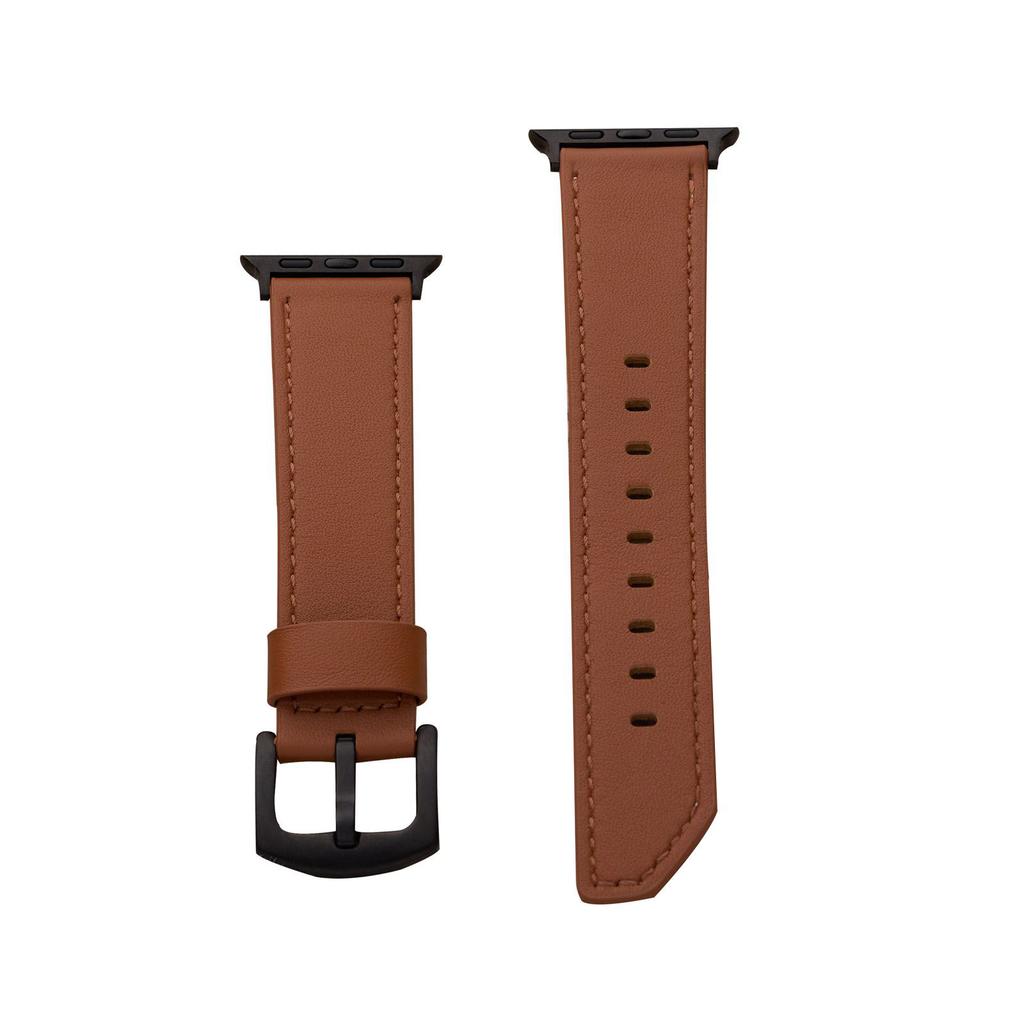 Leather Loop For Apple Watch Band Series Ultra 10/9/8/7/6/5/4/3/2/1 SE 38mm 40mm 41mm 42mm 44mm 45mm 46mm 49mm Strap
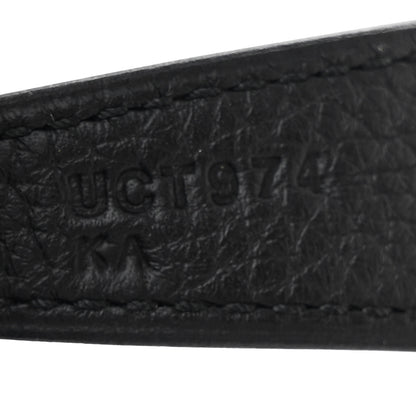 Hermes Taurillon Clemence Lindy 26 Black 7 of 11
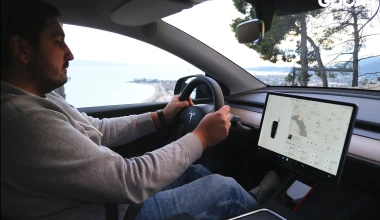 Δοκιμή αυτονομίας Tesla Model Y: Κάνεις εύκολα 400 km;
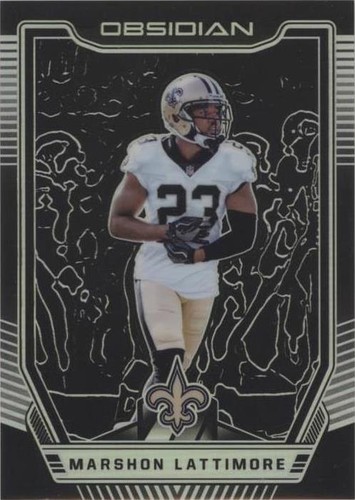 2018 Panini Obsidian Marshon Lattimore #49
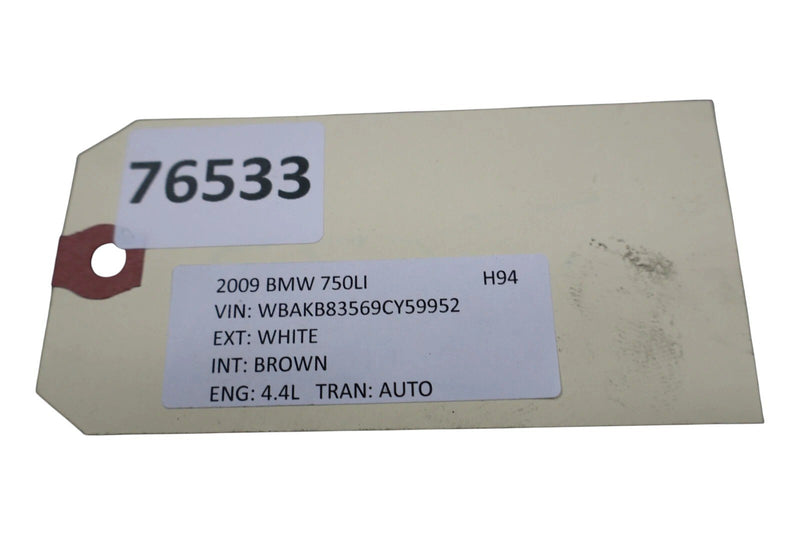 Load image into Gallery viewer, 09-15 BMW F01 750Li Front Lower Suspension Sway Bar Anti Roll Stabilizer Oem
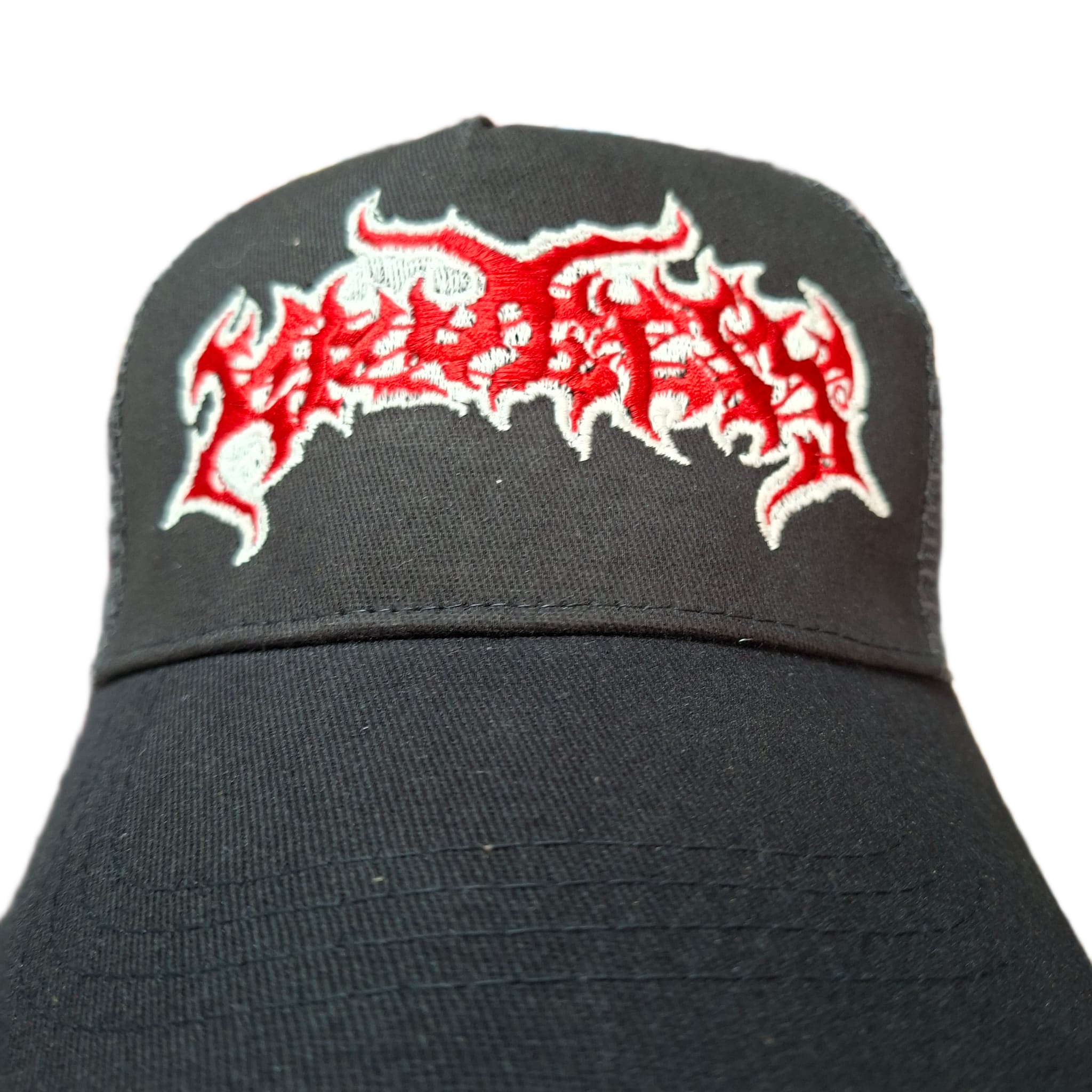 KRUELTY - (Glow in the Dark)  Logo - TRUCKER CAP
◆ ◆ ◆ ◆
**Task statement**.
Transcribe the whole listing, character for character, but not its images.

**Answer box**.
 Leather Loop For Apple Watch Band Series Ultra 10/9/8/7/6/5/4/3/2/1 SE 38mm 40mm 41mm 42mm 44mm 45mm 46mm 49mm Strap
 Hermes Taurillon Clemence Lindy 26 Black 7 of 11
 Δοκιμή αυτονομίας Tesla Model Y: Κάνεις εύκολα 400 km;
 2018 Panini Obsidian Marshon Lattimore #49
 Load image into Gallery viewer, 09-15 BMW F01 750Li Front Lower Suspension Sway Bar Anti Roll Stabilizer Oem
 KRUELTY - (Glow in the Dark)  Logo - TRUCKER CAP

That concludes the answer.